Task material.
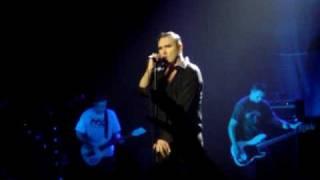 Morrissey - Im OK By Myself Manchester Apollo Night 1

...

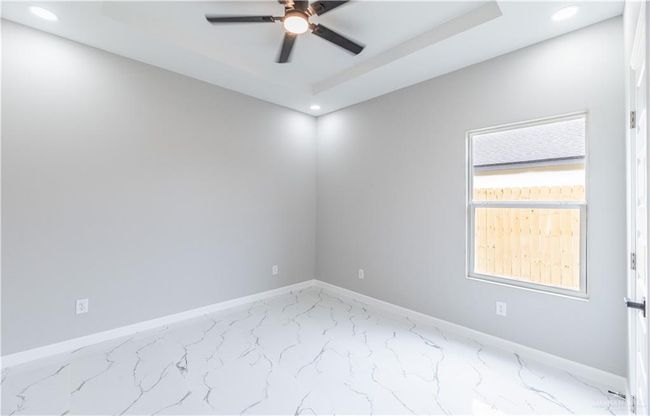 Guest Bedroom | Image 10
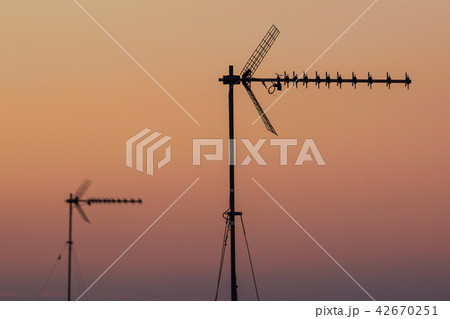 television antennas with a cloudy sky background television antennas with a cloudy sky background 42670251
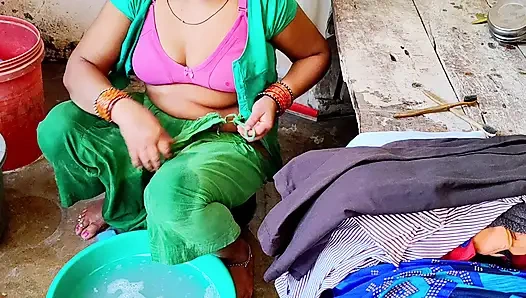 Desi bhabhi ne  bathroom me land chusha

...

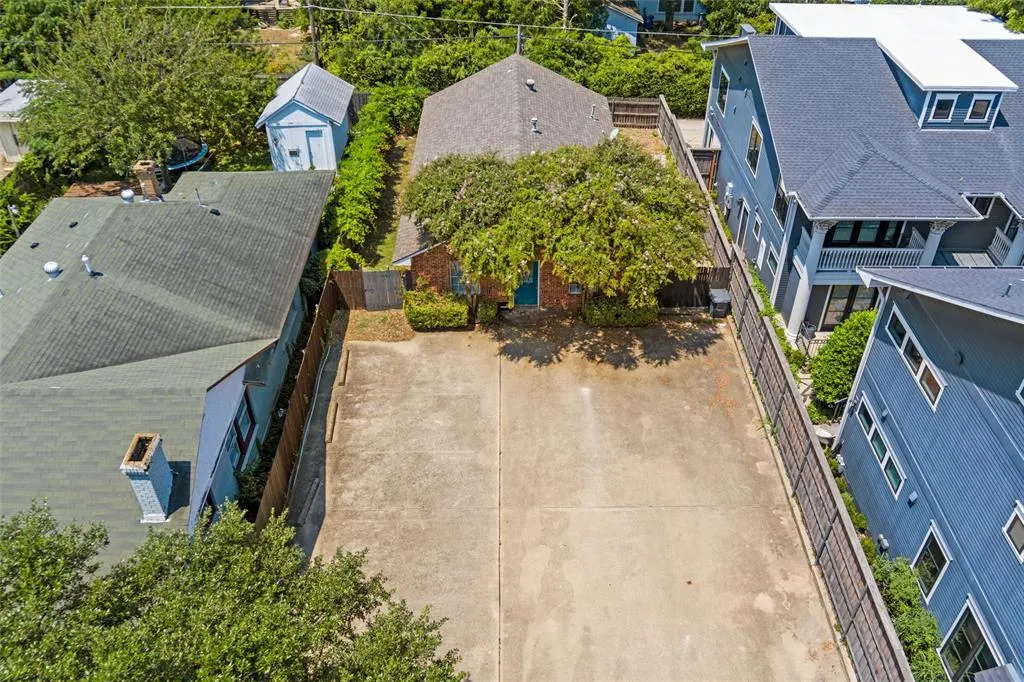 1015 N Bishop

What you need to do. Among the entries above, take the line with "television antennas with a cloudy sky background television", the line with "Desi bhabhi ne", and all the lines between them, and restate them word for word without pictures.

Output.
 television antennas with a cloudy sky background television antennas with a cloudy sky background 42670251
 Desi bhabhi ne  bathroom me land chusha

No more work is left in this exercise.